The pace of innovation is also escalating. Compounding that is the emergence of entrepreneurs who Pane concurred have changed the industry. “I personally think it is a good thing, so thank you to all the entrepreneurs who keep us on our toes.”

In fact, he’s prompting Coty executives to duplicate the spirit associated with fledgling brands. “I tell people to think like a start-up, to keep disrupting the industry rather than be disrupted.” As part of that push he also tells his team to think of a new venture in regard to whether they would do it if they were spending their own money. “If not, then think twice before making that decision on behalf of the company.”

The time for change is coming to big companies as the beauty industry becomes more complex. “Our instinct is to dislike complexity,” he acknowledged. “But in reality, I think it is here to stay. Complexity in the beauty industry is the new normal and either we embrace it and make it part of how we do business or we’re never going to be around to experience the beautiful growth of this industry.”

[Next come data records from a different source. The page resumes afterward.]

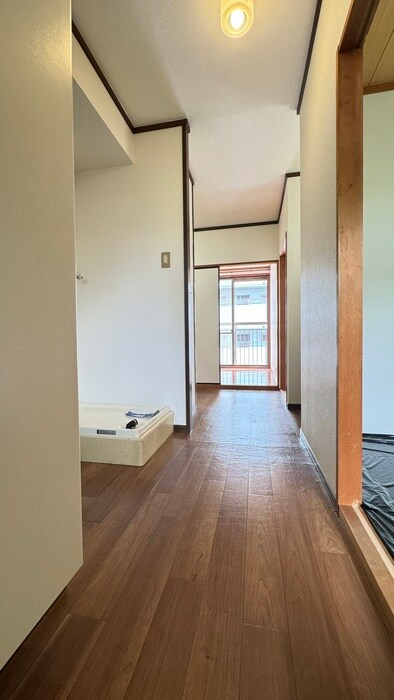 物件内観写真15　(廊下)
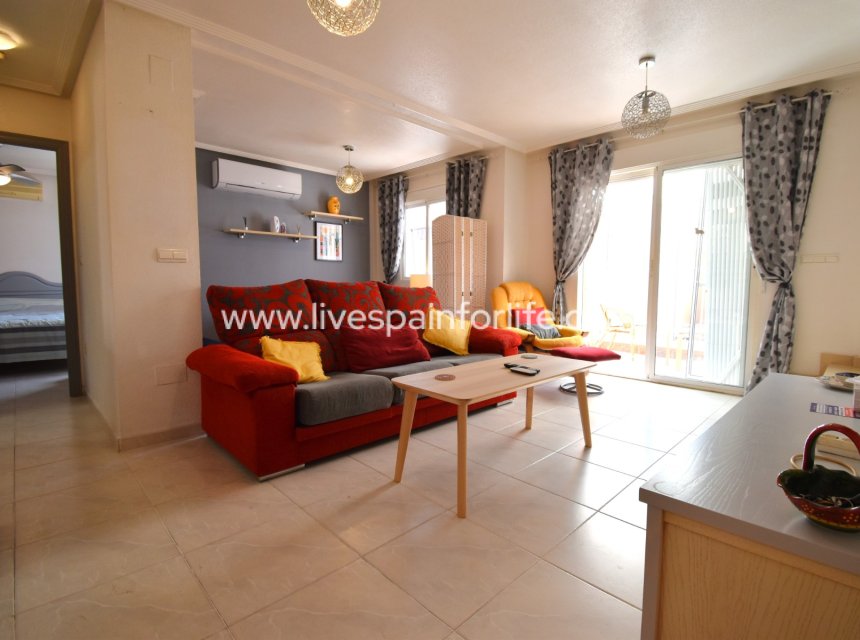 Resale - Apartments -
Orihuela Costa - Playa Flamenca
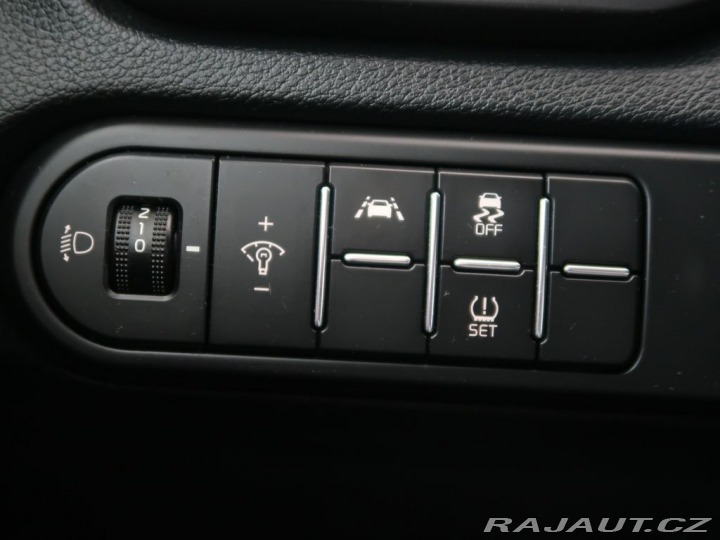 Kia Ceed 1.6CRDi,100kW,CZ,Manuál 2020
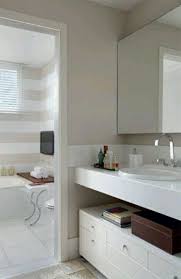 Banheiro Com Cuba De Sobrepor E Gabinete Branco Apartamentos Decorados Banheiros Modernos Banheiro Minimalista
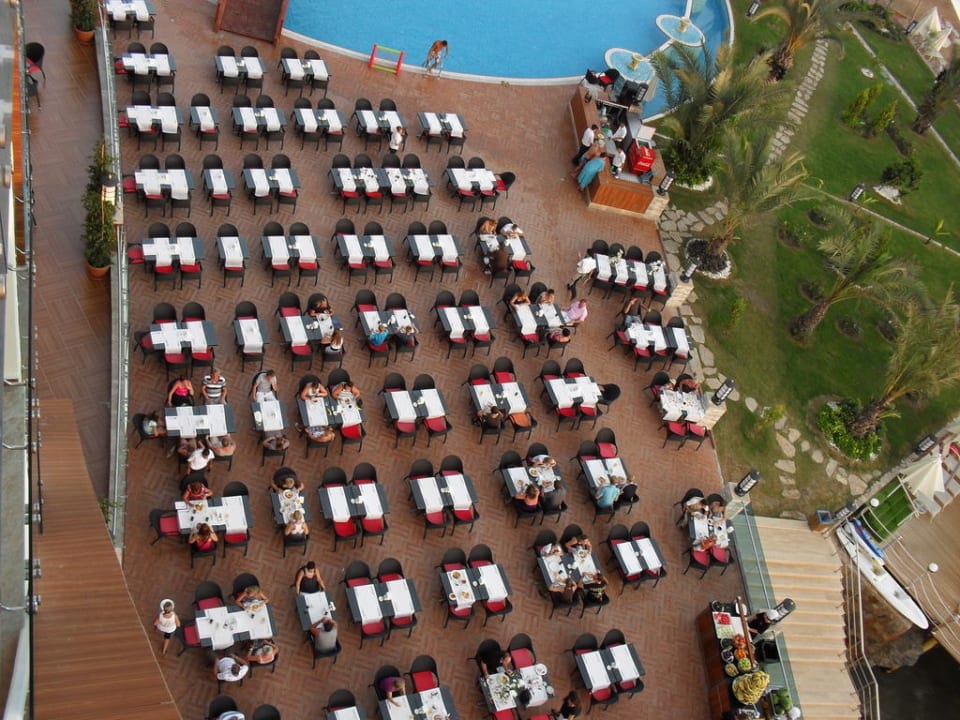 Essensbereich draussen Granada Luxury Okurcalar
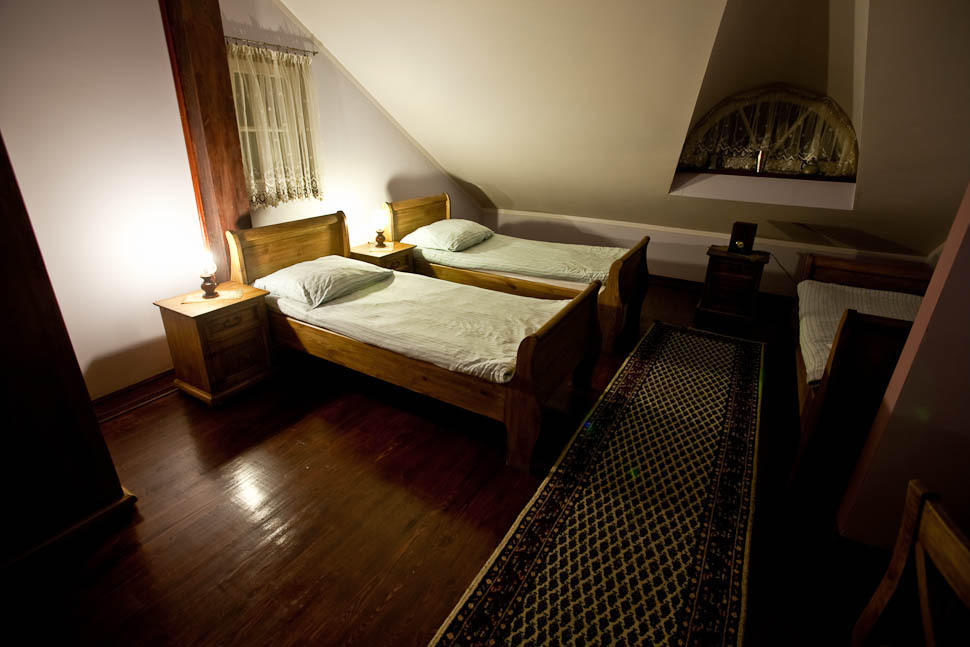 Dwor Na Wichrowym Wzgorzu Bed and Breakfast Przybysławice Buitenkant foto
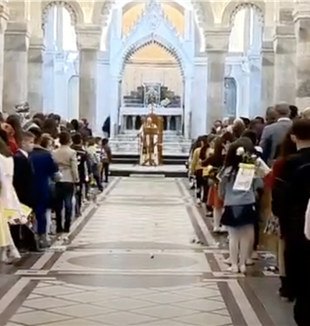 El Papa a l'església de la Immaculada Concepció, Qaraqosh (foto VaticanNews)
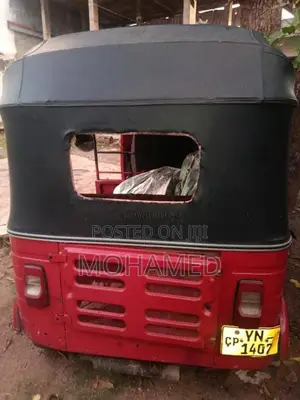 Bajaj RE 205 2011 Three Wheel (Used)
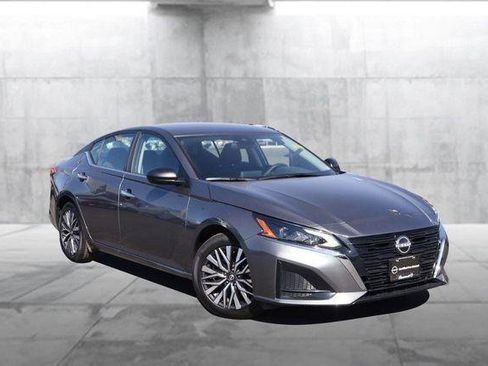 Used 2025 Nissan Altima 2.5 SV image 2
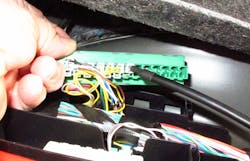 This is the Star Connector that you must find to connect your programmer to a vehicle. Only Star Connectors that have a green base will allow you to connect to the Secure Gateway.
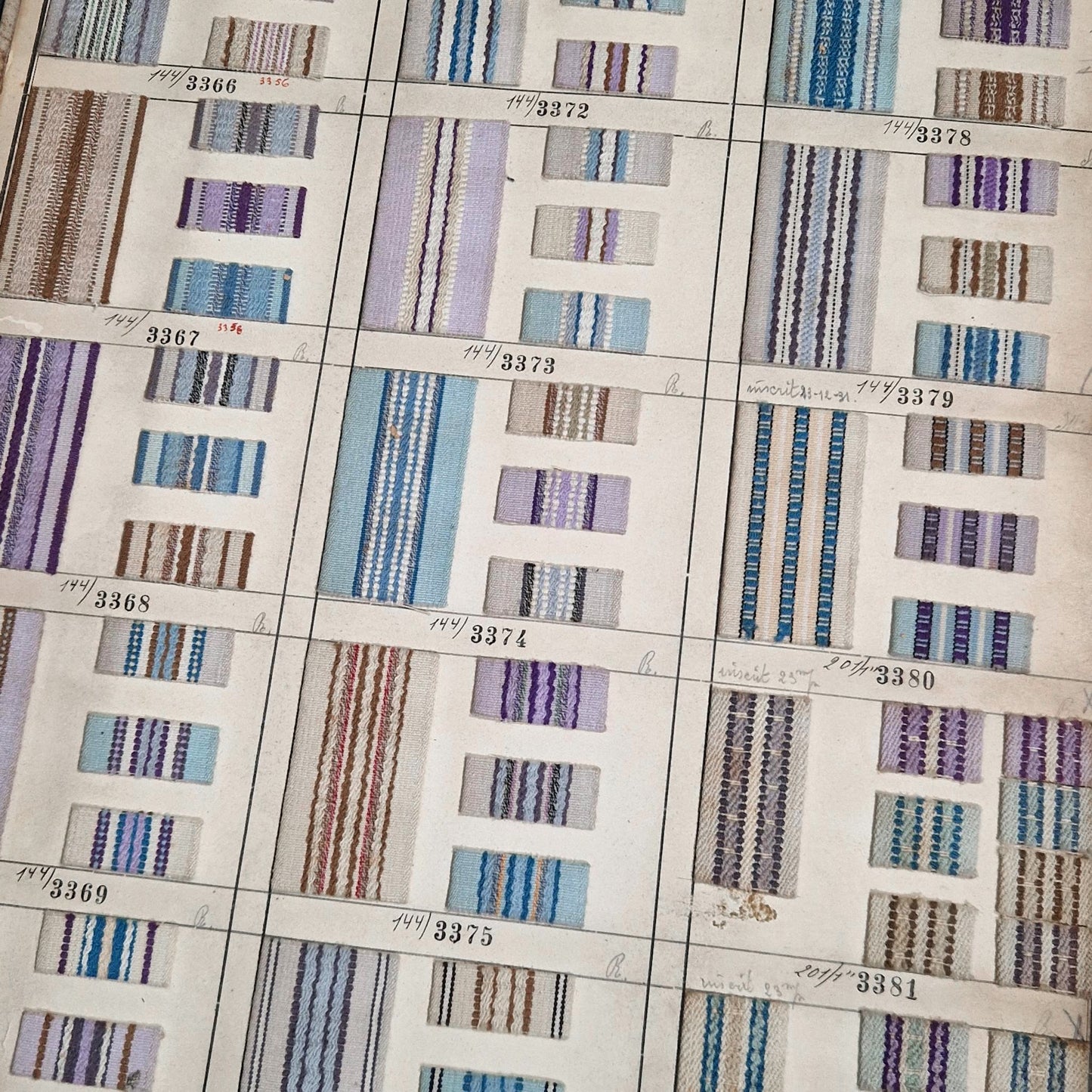 Planche d'échantillons textiles double face, Vers 1920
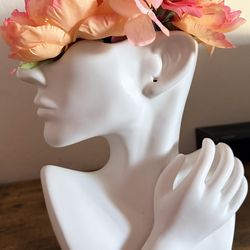 Decorative Mannequin Head with Flowers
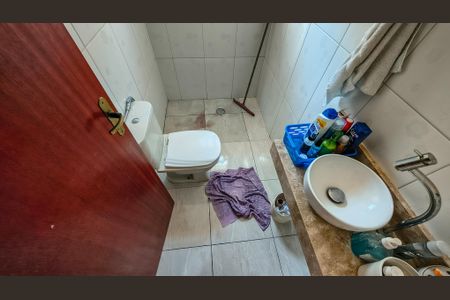Casa à venda com 300m², 8 quartos e 2 vagasBanheiro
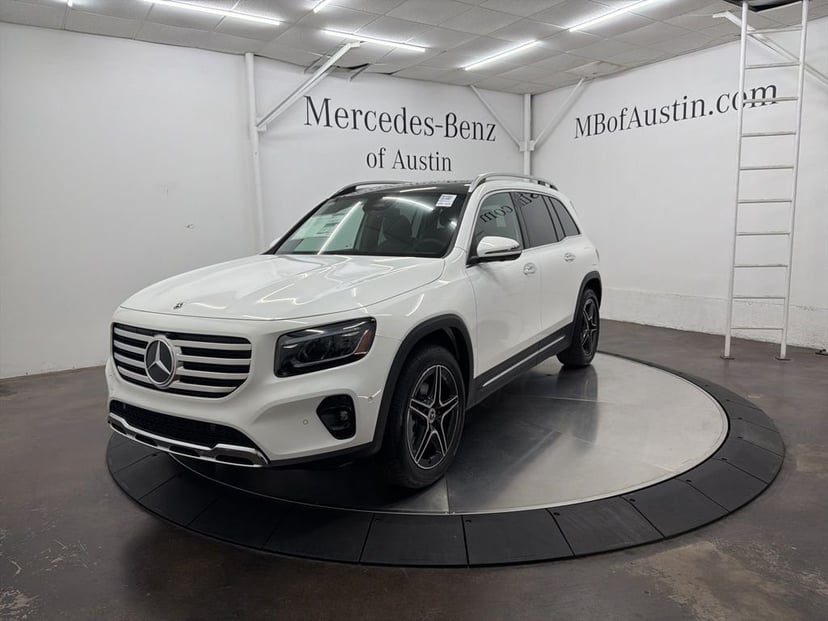 2026 Mercedes-Benz GLB - Image 1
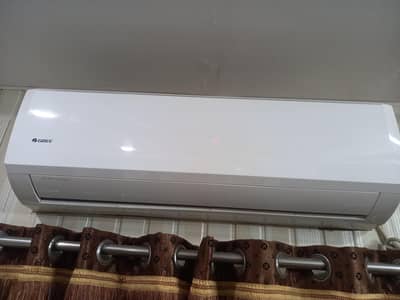 gree 2020 model like brand new just 2 year use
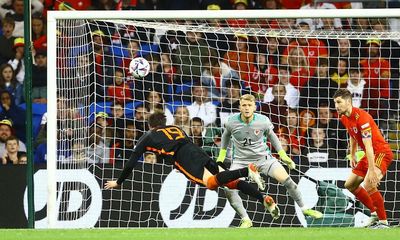 Wout Weghorst heads late winner as Wales slip to defeat by Netherlands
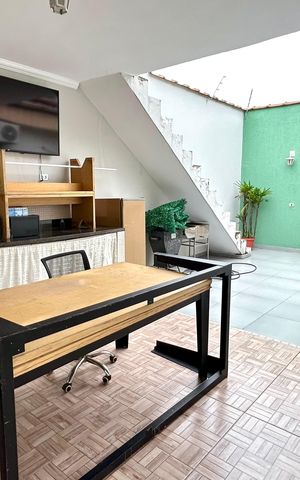 Casa para alugar com 170m², 3 quartos e 5 vagas Casa para alugar com 170m², 3 quartos e 5 vagasÁrea externa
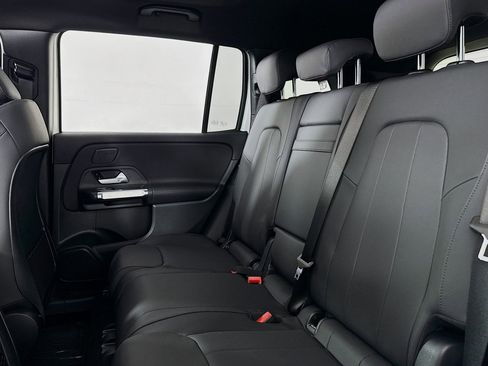 New 2026 Mercedes-Benz GLB 250 image 7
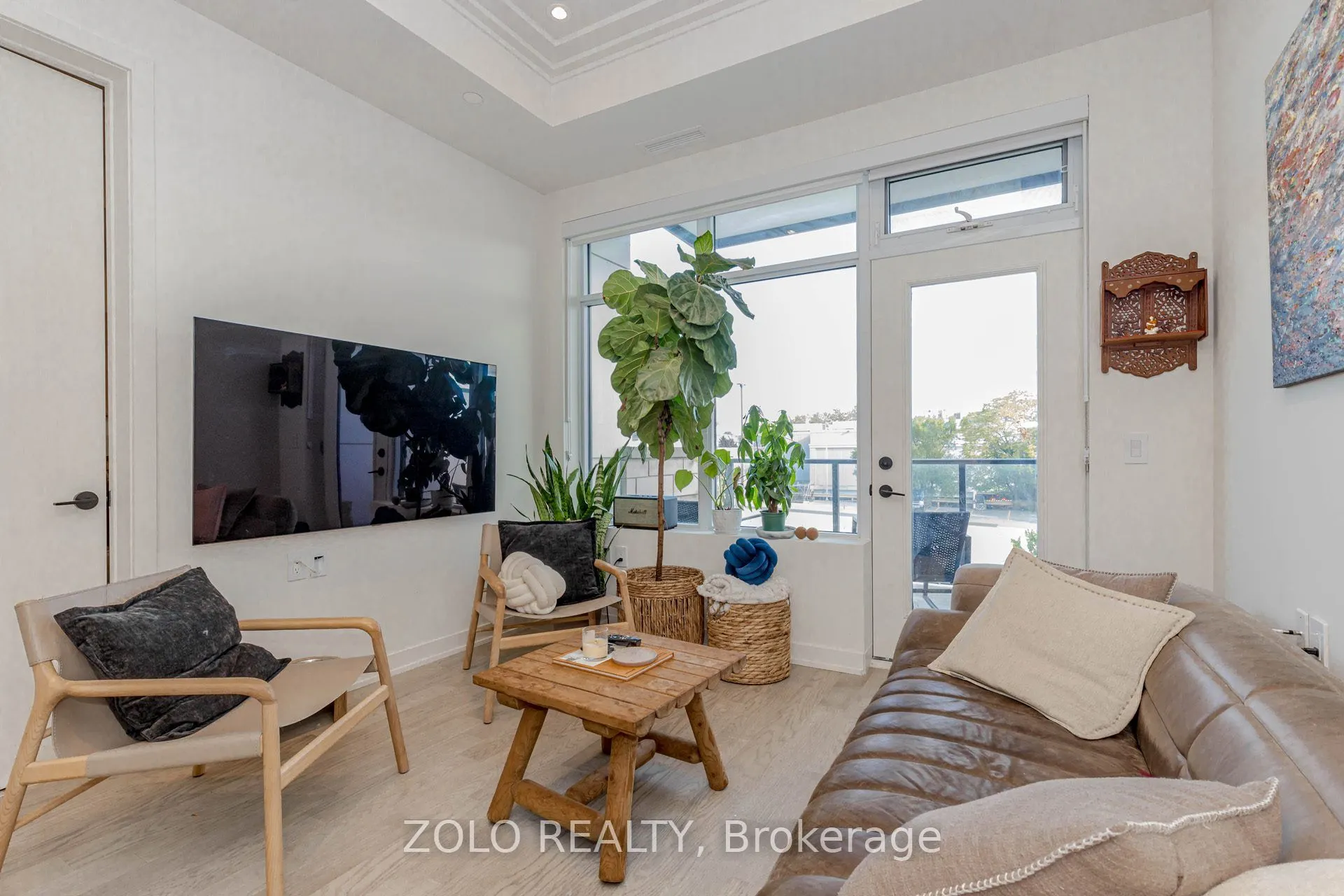 123 Maurice Drive, #208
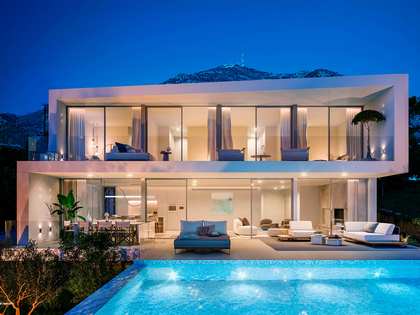 Villa van 203m² te koop met 350m² Tuin in Higuerón, Malaga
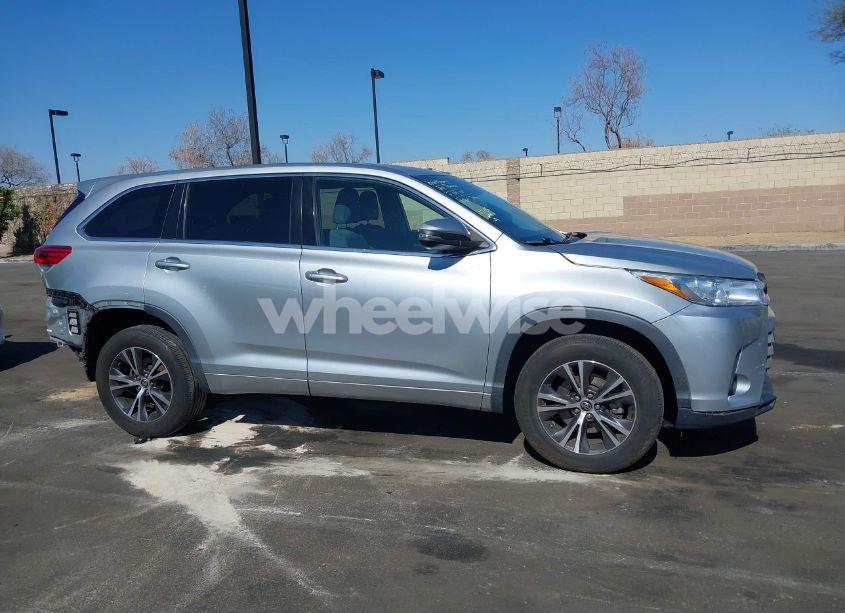 Photo 14 of 2018 Toyota Highlander LE (VIN 5TDZZRFH7JS276687)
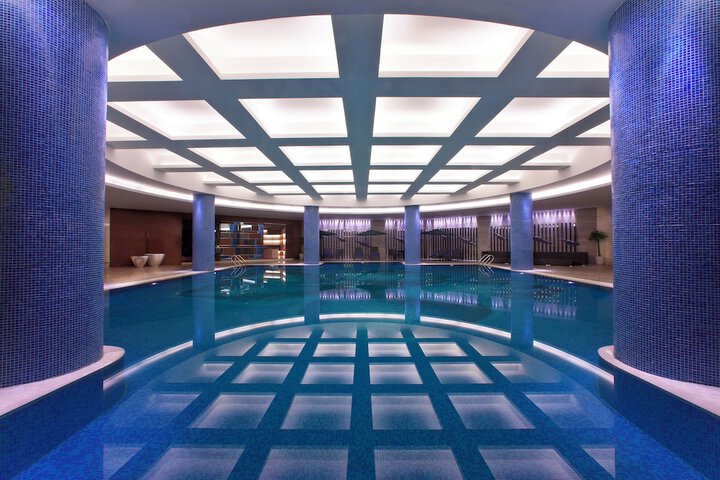 Hotel with Pool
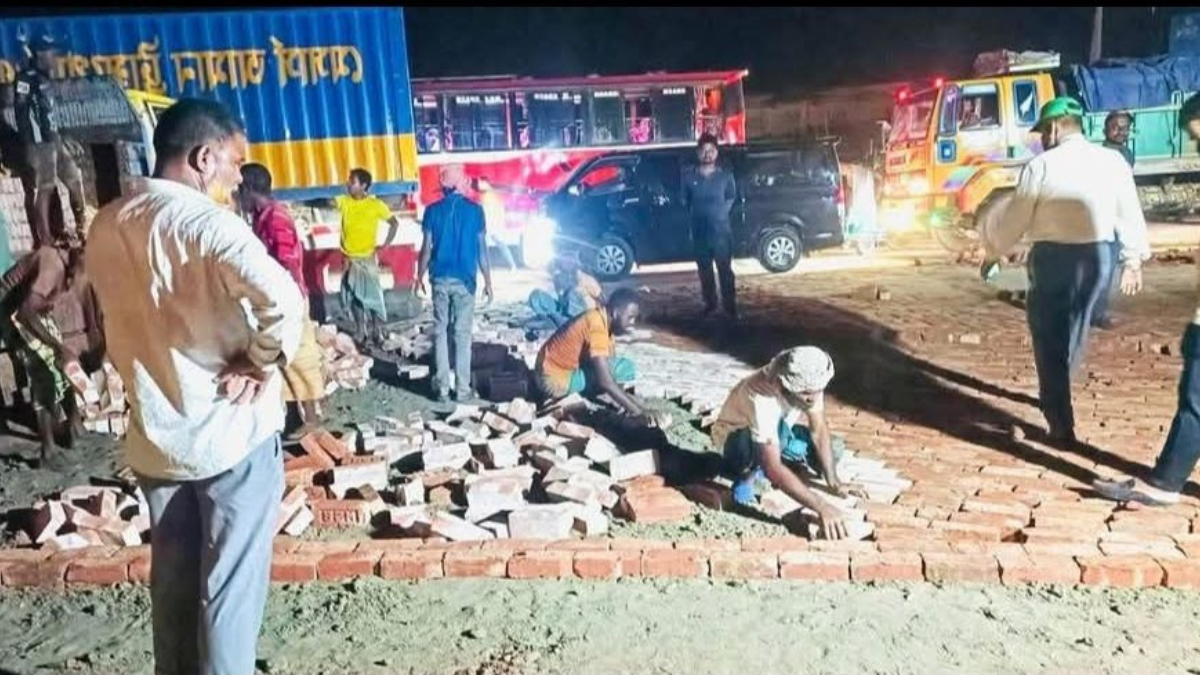 উপদেষ্টার আগমনকে ঘিরে অস্থায়ী সংস্কার, মহাসড়কে দুর্ভোগ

Beauty is more than selling products, it is about an intimate connection. “Don’t get me wrong, I love selling product. But it is about a deep connection to the consumer that motivates me every day,” Pane added.

Pane admitted Coty has big challenges as it digests brands, some of which admittedly weren’t as healthy as they once were. “We are starting a new adventure and I’m proud of what we’ve achieved in the last eight months. It is a hell of a start,” he said.